**Problem requirements**
Where the data below shows a picture, leave that picture out and copy the rest exactly.
Source material below:
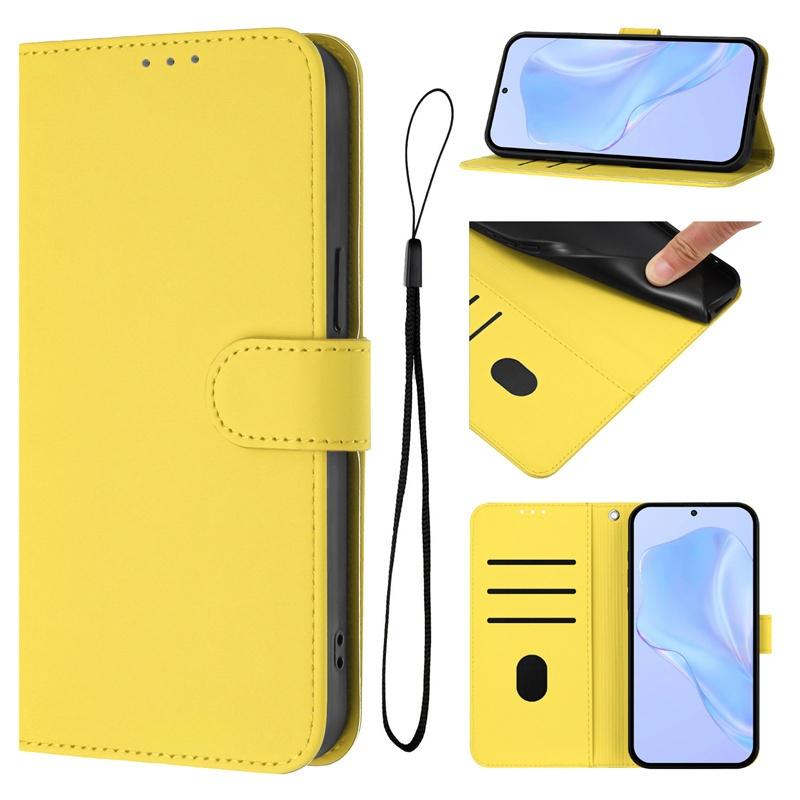 Чехол-книжка для Nothing CMF Phone 1 2A Кожаный кошелек Держатель для карт Чехол-обложка
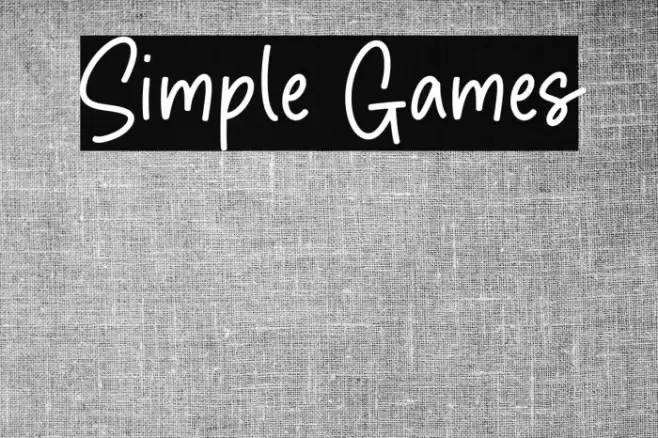 Simple Games Polices examples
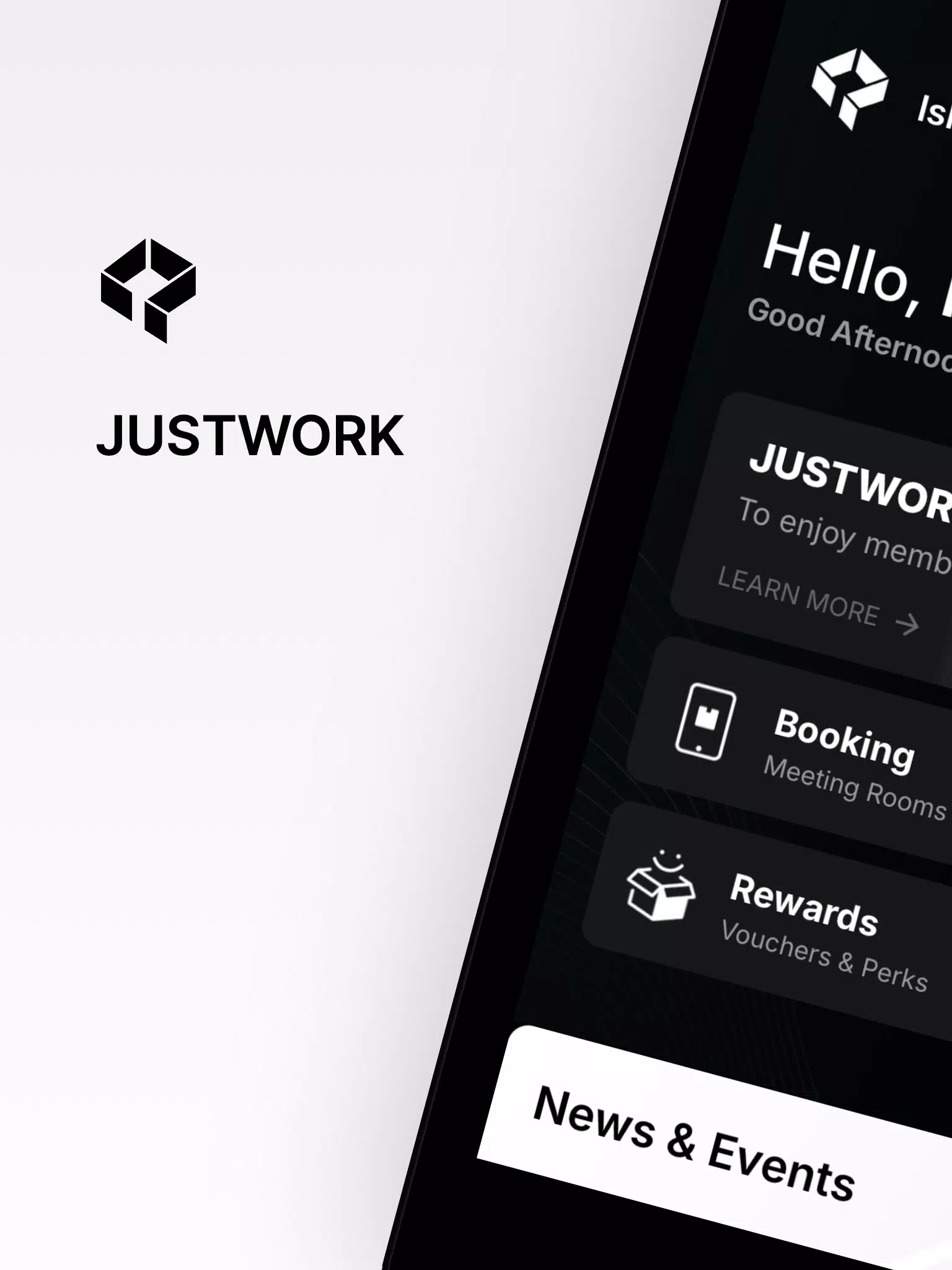 Скриншоты JUSTWORK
End of Source material.
**Output**
 Чехол-книжка для Nothing CMF Phone 1 2A Кожаный кошелек Держатель для карт Чехол-обложка
 Simple Games Polices examples
 Скриншоты JUSTWORK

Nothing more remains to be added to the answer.